■ **Aim of the task**: For the records below, print the lines from the line with "Autumn Green Metallic" through the line with "الرئيس السيسى يشاهد" exactly as written; include both end lines and exclude the rest.

■ **Source records**:
[Start of Attachment]

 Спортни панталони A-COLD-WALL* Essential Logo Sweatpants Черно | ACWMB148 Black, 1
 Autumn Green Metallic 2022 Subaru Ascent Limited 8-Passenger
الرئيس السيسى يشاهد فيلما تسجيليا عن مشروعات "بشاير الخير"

[End of Attachment]
[Start of Attachment]

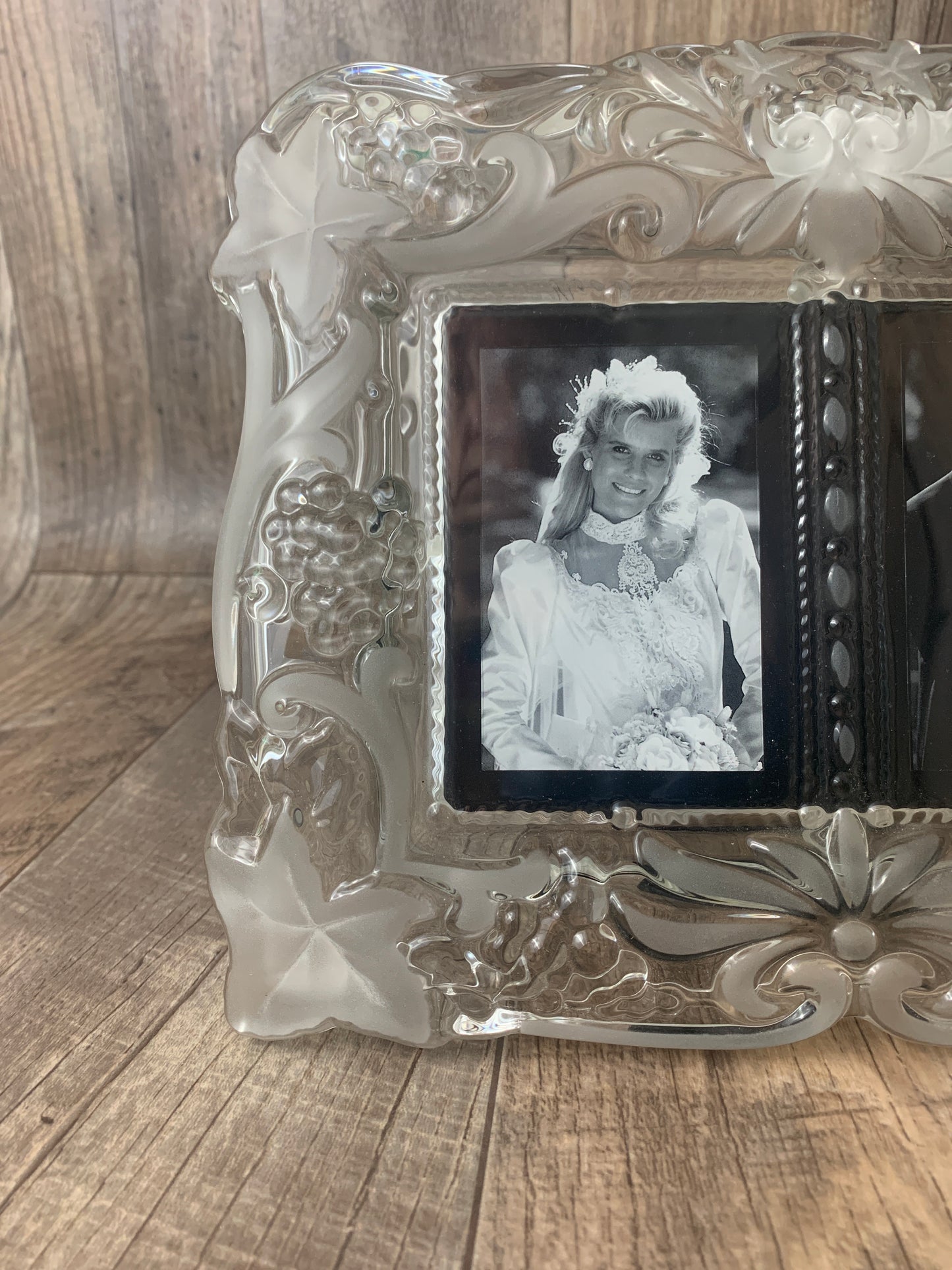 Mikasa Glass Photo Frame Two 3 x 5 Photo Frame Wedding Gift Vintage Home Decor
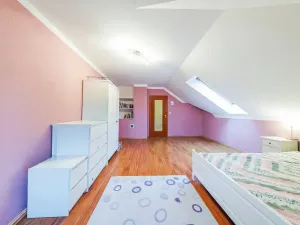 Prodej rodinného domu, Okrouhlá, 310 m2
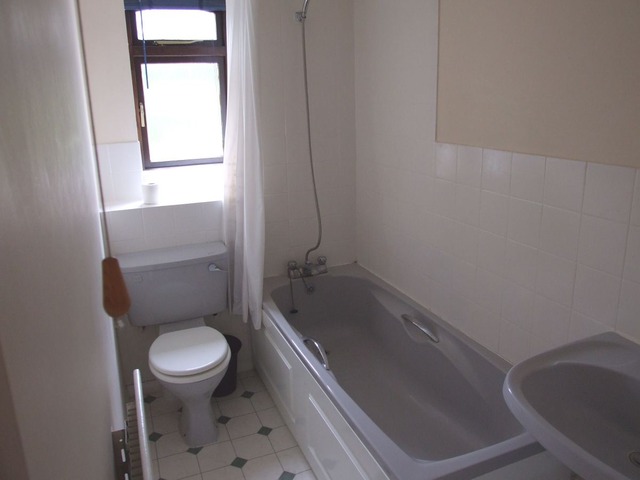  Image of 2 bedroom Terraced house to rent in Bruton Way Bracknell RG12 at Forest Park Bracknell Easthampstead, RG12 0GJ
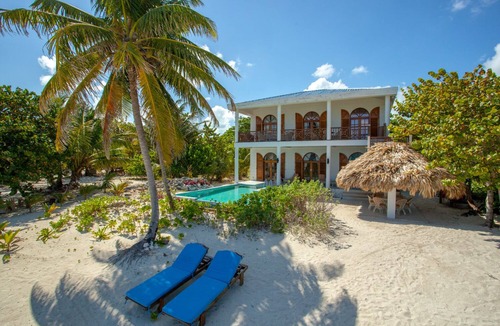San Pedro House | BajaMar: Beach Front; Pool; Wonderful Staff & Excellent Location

[End of Attachment]
[Start of Attachment]

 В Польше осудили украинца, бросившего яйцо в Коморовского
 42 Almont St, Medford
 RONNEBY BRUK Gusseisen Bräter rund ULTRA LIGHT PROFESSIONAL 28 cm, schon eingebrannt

[End of Attachment]

■ **Answer section**:
 Autumn Green Metallic 2022 Subaru Ascent Limited 8-Passenger
الرئيس السيسى يشاهد فيلما تسجيليا عن مشروعات "بشاير الخير"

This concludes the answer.